### DATA TO EXAMINE
/---
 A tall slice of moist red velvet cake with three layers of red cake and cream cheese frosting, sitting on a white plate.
\---
/---
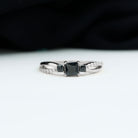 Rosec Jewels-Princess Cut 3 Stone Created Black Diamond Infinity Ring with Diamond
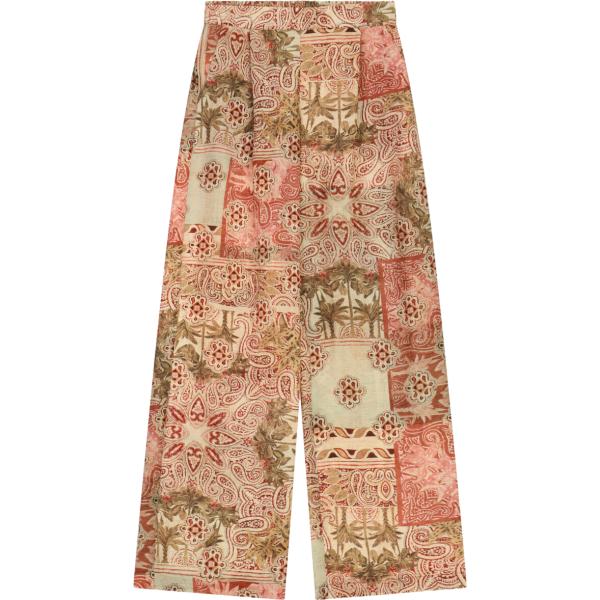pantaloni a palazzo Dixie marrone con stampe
\---
### EXERCISE GOAL
Using the data above, which lines fall from the one with "Rosec Jewels-Princess Cut" through the one with "pantaloni a palazzo Dixie marrone con stampe"? Repeat them exactly, ends included, minus any pictures.

### ANSWER TO THIS PROBLEM
 Rosec Jewels-Princess Cut 3 Stone Created Black Diamond Infinity Ring with Diamond
pantaloni a palazzo Dixie marrone con stampe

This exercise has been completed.